Production began on Who's Afraid of Virginia Woolf? during the summer of 1965. The cast and crew first assembled near the Smith College campus in Northampton, Massachusetts to shoot the opening title sequence along with some exteriors.

Mike Nichols and cinematographer Haskell Wexler ran into weather problems right away while shooting the opening sequence in which George and Martha walk home from the late-night party. It was rainy and foggy on campus, and the fog kept revealing all of the hidden light sources in the scene. It took hours of tinkering before Wexler was able to light the scene effectively.

Nichols later realized that his insistence on location shooting at an actual college campus had been unnecessary. All of the scenes could have easily been recreated on the studio back lot. It was one of many lessons he was to learn as a first time film director. "I was a New York theater director," he said. "I was cocky and I was afraid of Hollywood. I did really stupid things, like shooting the title sequence in Northampton. They tried to tell me I could have done it right on the back lot. But I didn't know anything about movies."

Nichols revealed in a 2006 interview that he was advised early on by a colleague to fire someone - anyone -- on the very first day of production as a way to establish his authority on the set. The unlucky person on the receiving end of this plan was the First Assistant Director. When Nichols overheard him say on the first shot of the first day, "Oh well, it's just another picture," he was so offended by the First Assistant's dismissive nonchalance that he fired him on the spot.

After looking at dailies regularly during the first week of shooting, Nichols decided that the film was looking too dark. Therefore, he asked Haskell Wexler to adjust the lighting by boosting the fill light for the remainder of the shoot.

Nichols worked hard to learn on the set and become the best film director he could be. "Every day Mike would learn more than some directors learn in years of shooting," said Haskell Wexler. Nichols was open to suggestions from the more experienced crew and came to rely on editor Sam O'Steen's input when determining how each scene should be shot and put together.

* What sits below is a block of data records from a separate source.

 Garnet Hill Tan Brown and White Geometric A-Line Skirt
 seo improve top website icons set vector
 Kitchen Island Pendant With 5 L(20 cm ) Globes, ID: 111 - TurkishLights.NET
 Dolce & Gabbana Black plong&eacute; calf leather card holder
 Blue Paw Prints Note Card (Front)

Nichols purposely avoided shooting too many close-ups in the film. If there was a close-up, he believed, it should accompany an important line or moment in the drama and be meaningful.

Richard Burton and Elizabeth Taylor were very dedicated to their roles and worked hard on making their performances strong. Taylor especially threw herself into the role of Martha and delivered a powerhouse performance that surprised everyone - including herself.

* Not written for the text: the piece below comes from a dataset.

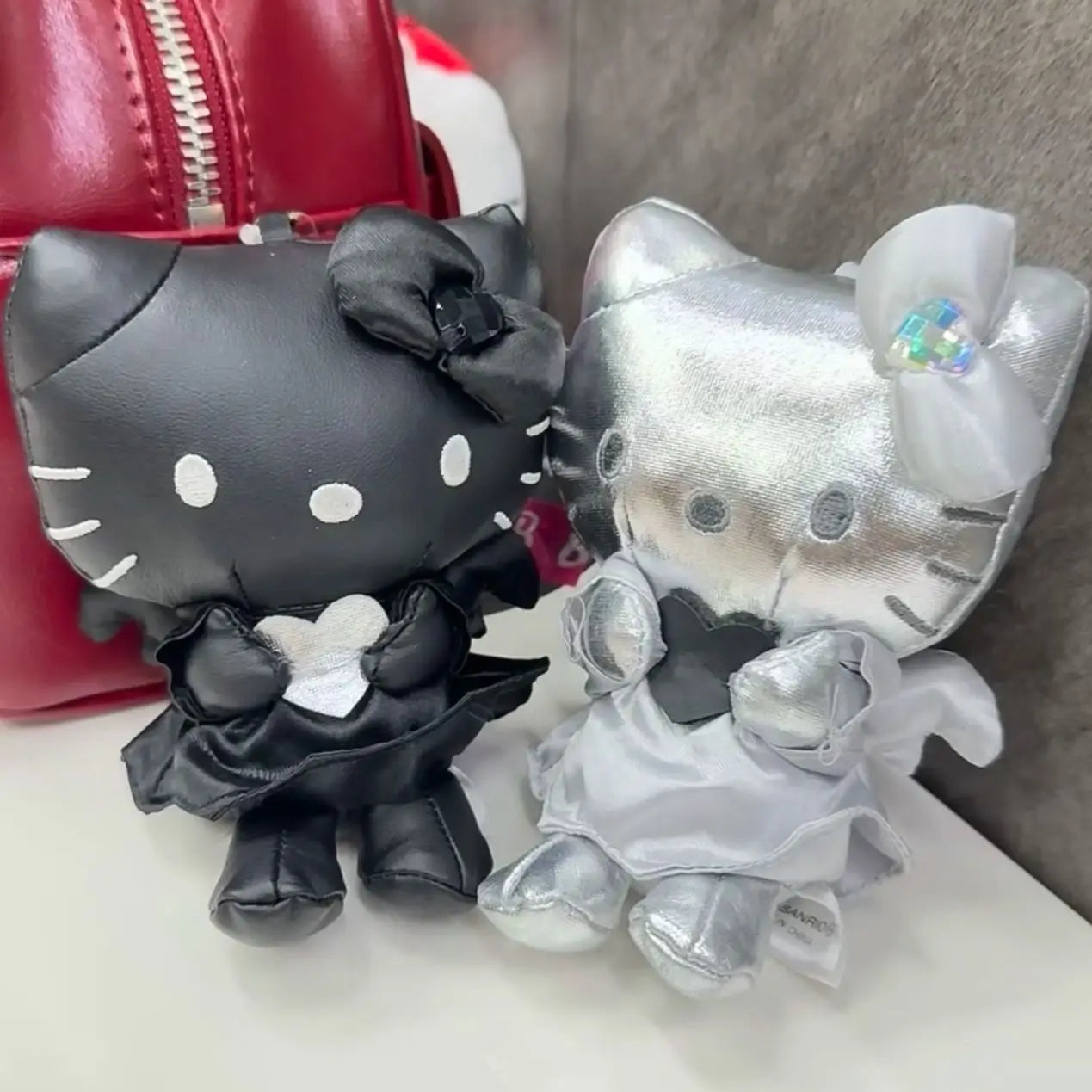 Sanrio Hello Kitty Collectible Black White Angel Devil Couple Plush Doll Set Soft Stuffed Toy Bag Pendant Gift for Girls My Store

According to Mike Nichols, the other actors were all "awed" by Elizabeth Taylor and her knowledge of film acting. Nichols, Richard Burton, Sandy Dennis and George Segal all had their roots in the theater, but Taylor had spent most of her life in front of a film camera. She knew her way around a film set along with many tricks of the trade to work with the medium, play to the camera and deliver the best performance possible. Everyone loved working with Taylor and was knocked out by what Nichols described as "the great surprise of her being able to handle all this verbal material."

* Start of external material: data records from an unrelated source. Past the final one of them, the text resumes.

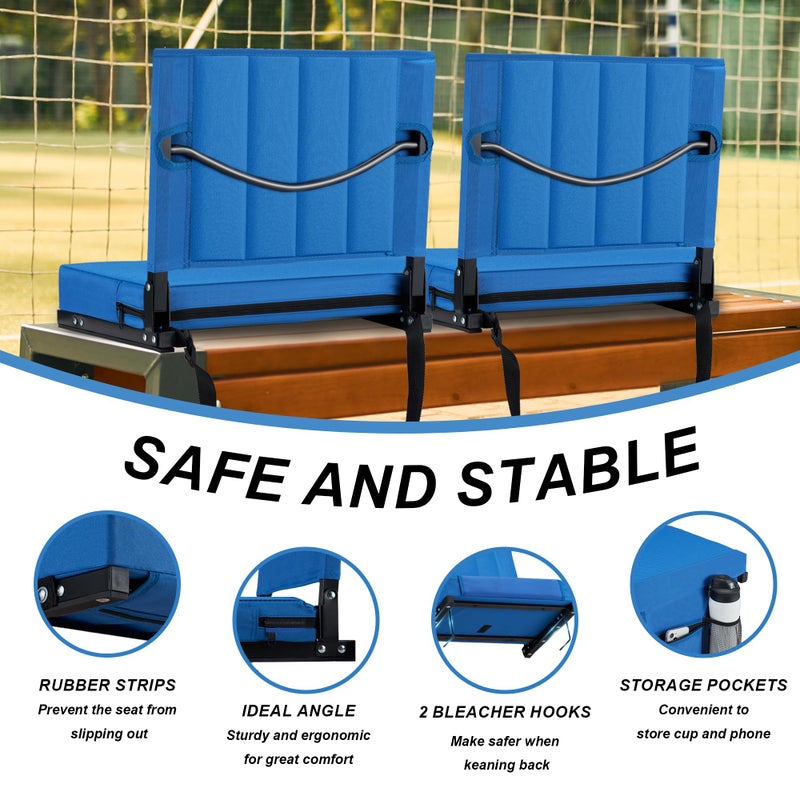 Aliphon Stadium Seat for Bleachers with Back Support and Cushion, Bleacher Seats with Shoulder Strap and Cup Holder, Padded Portable Folding Comfort Stadium Chair, for Sports Events, Blue (1pcs) - Image 4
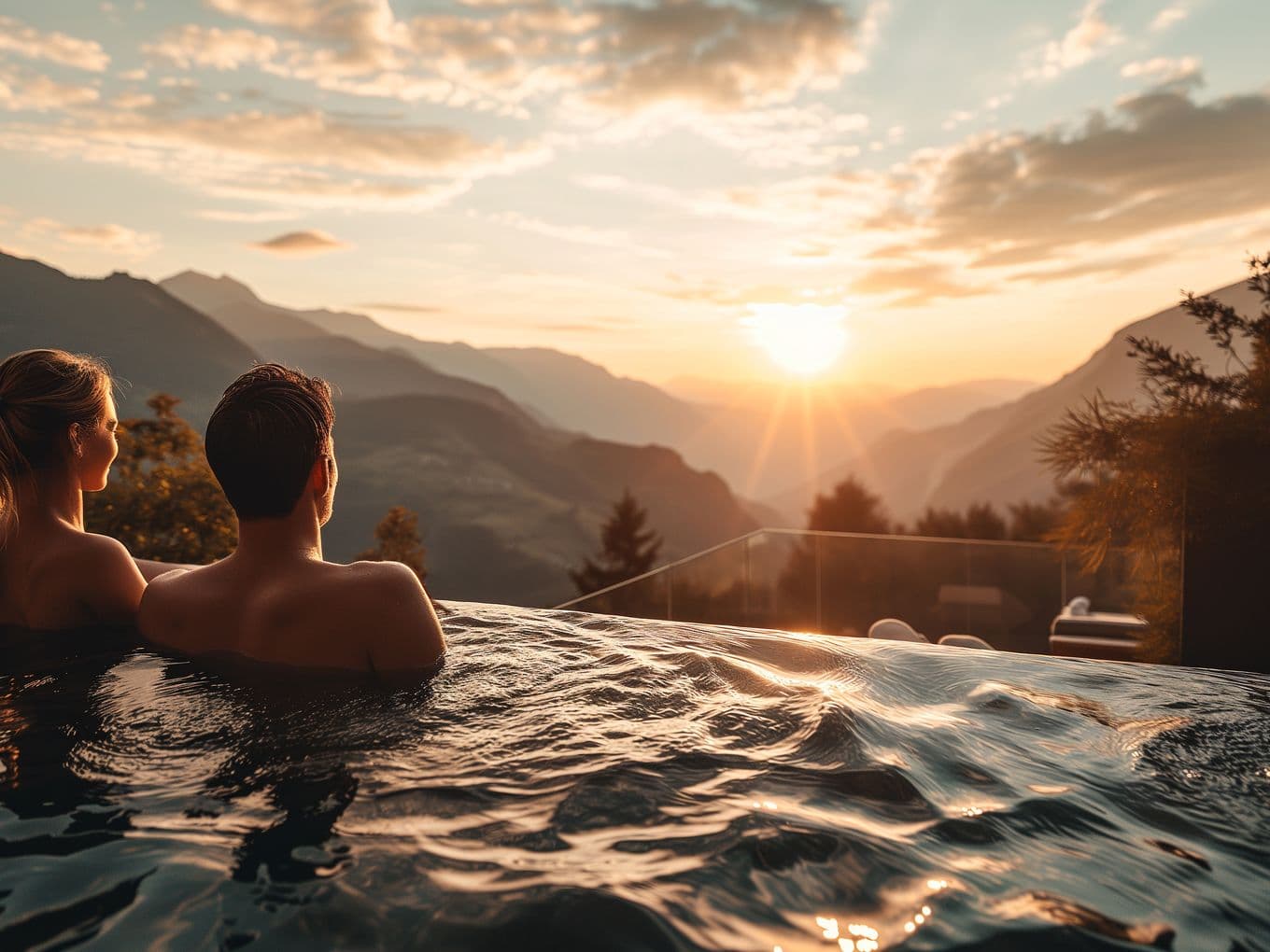 Paar entspannt im Infinity-Pool mit Blick auf die Tiroler Berglandschaft bei Sonnenuntergang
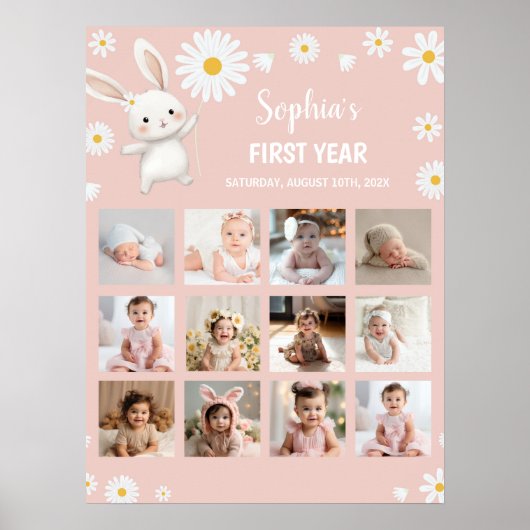 バニーデイジー誕生日フォトマイルストーンポスター ポスター (正面)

Richard Burton had always been considered one of the finest actors of his generation, but he was able to pick up something new from Nichols while making Who's Afraid of Virginia Woolf? that helped his performance. He learned to just "do nothing" sometimes in a scene and simply listen. It was a lesson Burton found quite valuable. "His behavior, his manner, are silky soft," said Burton of Nichols' directing style. "He appears to defer to you, then in the end he gets exactly what he wants. He conspires with you, rather than directs you, to get your best. He'd make me throw away a line where I'd have hit it hard...and he was right every time."

While Richard Burton and Elizabeth Taylor were forces to be reckoned with while they were working, it was a challenge to actually get them in front of the camera every day. They both had it in their contracts that they didn't have to be on the set until 10:00 A.M., even though most other productions began at dawn. After they arrived on set, it would take two hours of makeup, hair and wardrobe to get them ready for shooting, and by the time they were camera ready, it was lunch time. They would often go off for lengthy cocktail-filled lunches, often with friends, and then return late in the afternoon to finally begin shooting. "When they finally came back late," recalled Sam O'Steen, "they'd just ignore it all, be real nice. 'Hey, Mike, old buddy, sorry we're late. Okay, let's shoot!'...Sometimes they wouldn't come back 'til five o'clock and they had in their contract that they couldn't work past six o'clock."

Even though their schedule and long lunches could try Nichols' patience daily, Taylor and Burton always worked hard when they were in front of the camera to deliver the powerful performances that were expected of them. The studio, however, wasn't as understanding. "Mike ended up being thirty days over schedule and doubling the budget," said O'Steen. "The studio thought about kicking Mike off the movie. They tried, but they knew if they fired Mike, the Burtons would both walk."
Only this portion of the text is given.